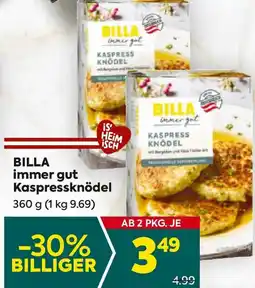 Billa BILLA immer gut Kaspressknödel Angebot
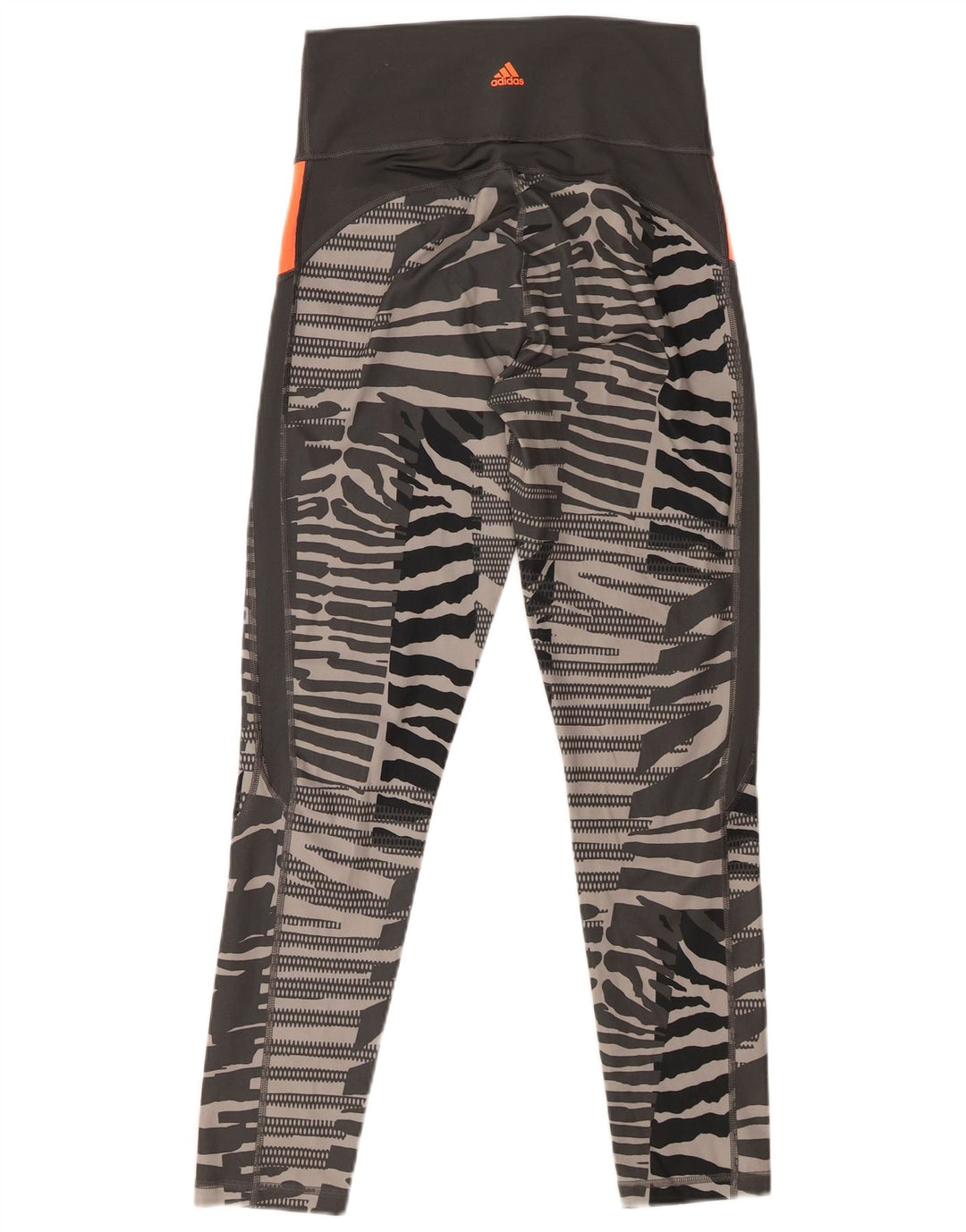 Leggings Adidas Climalite da donna UK 12 grigio medio stampa animalier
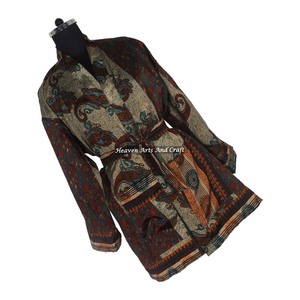 KS005 Bata de Dama de Honor para Mujer, Kimono Corto, Gran Venta, Lencería Sexy para Mujer, Bata de Dama de Honor de Seda, Kimono Corto para Mujer - Product Image 4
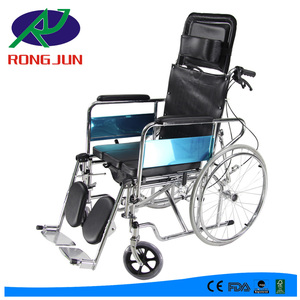 Pliante à <span class=keywords><strong>dossier</strong></span> haut <span class=keywords><strong>fauteuil</strong></span> <span class=keywords><strong>roulant</strong></span> <span class=keywords><strong>inclinable</strong></span> <span class=keywords><strong>avec</strong></span> wc RJ-C609GFJ - Product Image 1
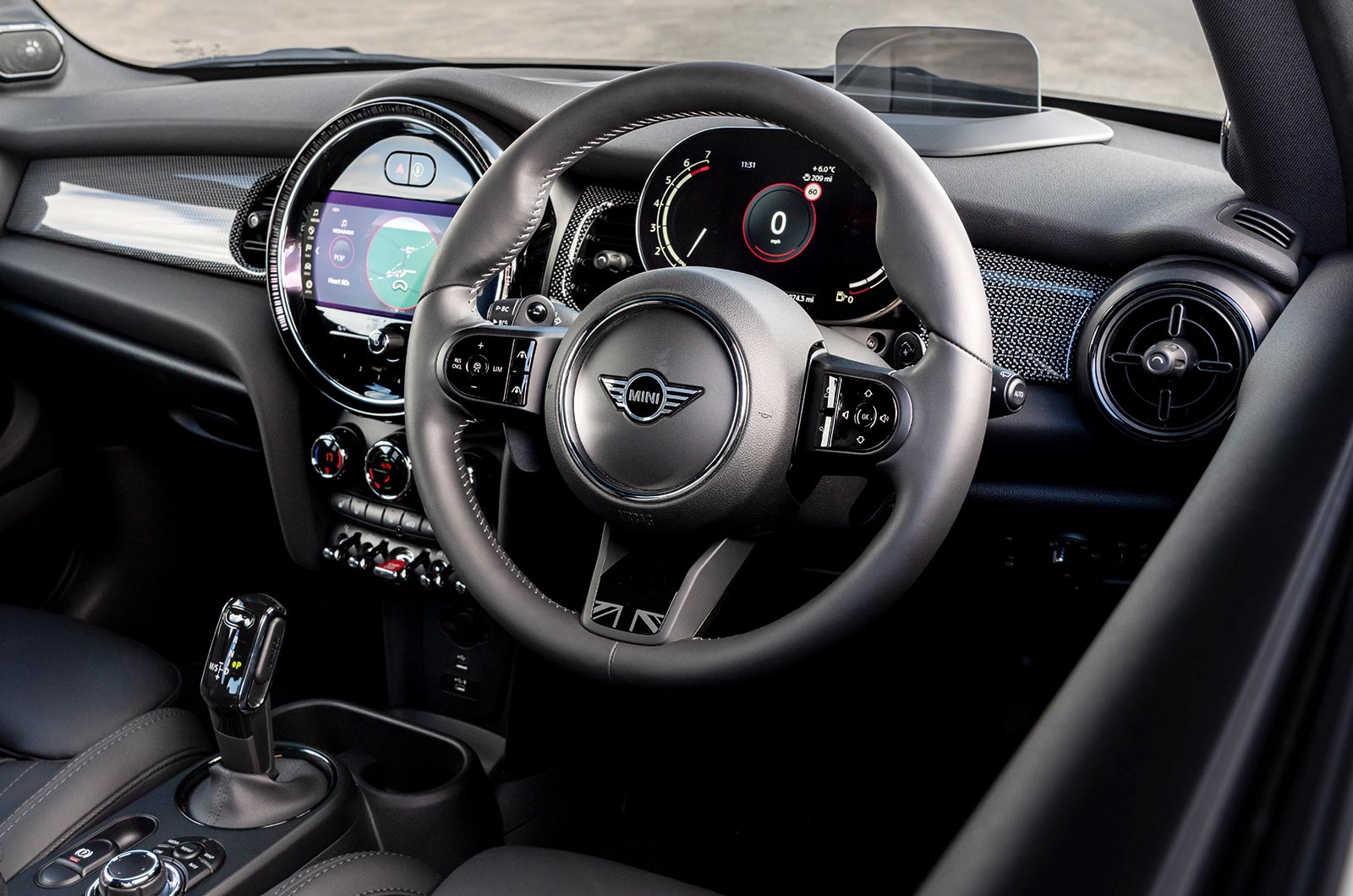 Mini hatchback interior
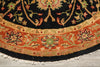 Load image into Gallery viewer, 6 x 6 Round Handmade Jaipur Rug Black Coral #F-4201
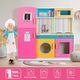 Wooden Play Kitchen Kids Educational Toys Toddler Roleplay Set Pretend Playset 9Pcs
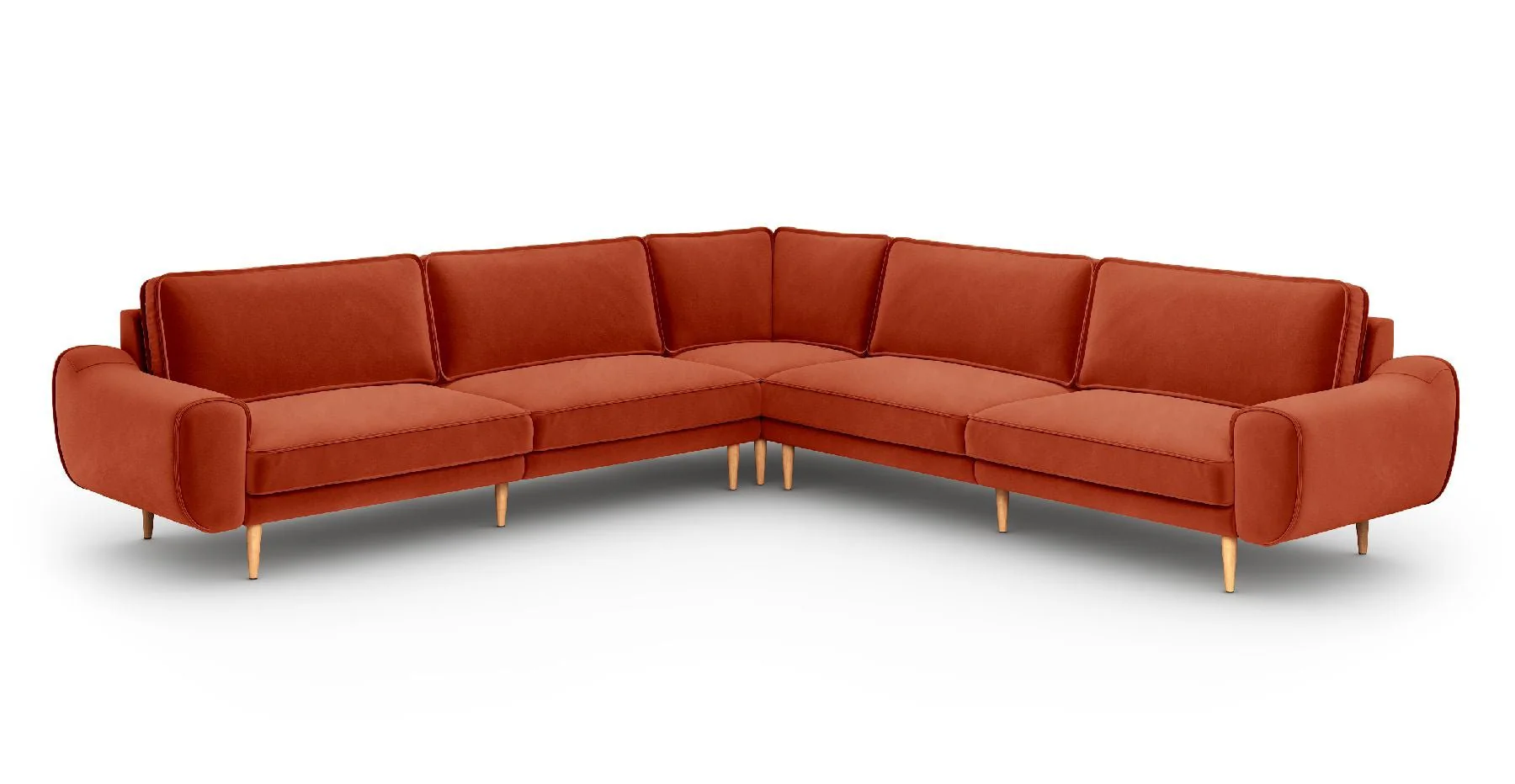 Klem 310 x 310 Köşe Ahşap Ayak - Kadife - Image 11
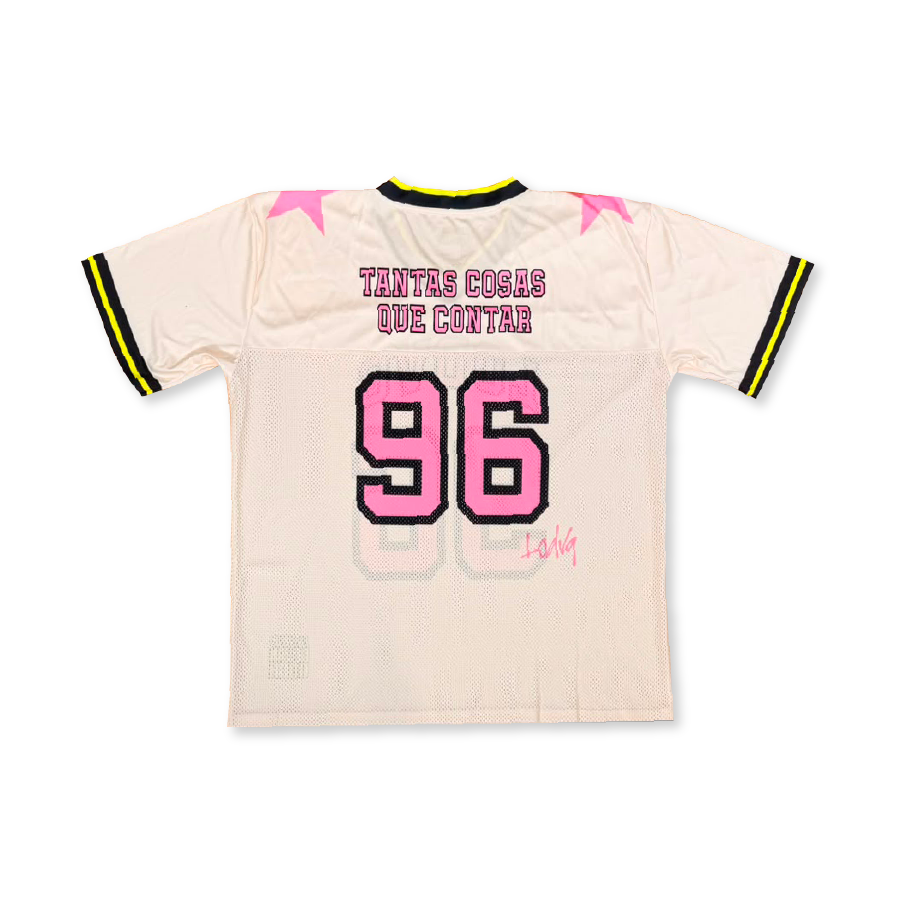 CAMISETA LODVG RUGBY BEIGE/ROSA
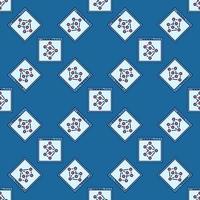 Web Browser with Neural Network vector colored seamless pattern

What you should do - Set down exactly, with no additions, each line from the line that includes "KS005 Bata de" to the final line of the entries above; leave pictures out.

Exercise output -
 KS005 Bata de Dama de Honor para Mujer, Kimono Corto, Gran Venta, Lencería Sexy para Mujer, Bata de Dama de Honor de Seda, Kimono Corto para Mujer - Product Image 4
 Pliante à <span class=keywords><strong>dossier</strong></span> haut <span class=keywords><strong>fauteuil</strong></span> <span class=keywords><strong>roulant</strong></span> <span class=keywords><strong>inclinable</strong></span> <span class=keywords><strong>avec</strong></span> wc RJ-C609GFJ - Product Image 1
 Mini hatchback interior
 Load image into Gallery viewer, 6 x 6 Round Handmade Jaipur Rug Black Coral #F-4201
 Wooden Play Kitchen Kids Educational Toys Toddler Roleplay Set Pretend Playset 9Pcs
 Klem 310 x 310 Köşe Ahşap Ayak - Kadife - Image 11
 CAMISETA LODVG RUGBY BEIGE/ROSA
 Web Browser with Neural Network vector colored seamless pattern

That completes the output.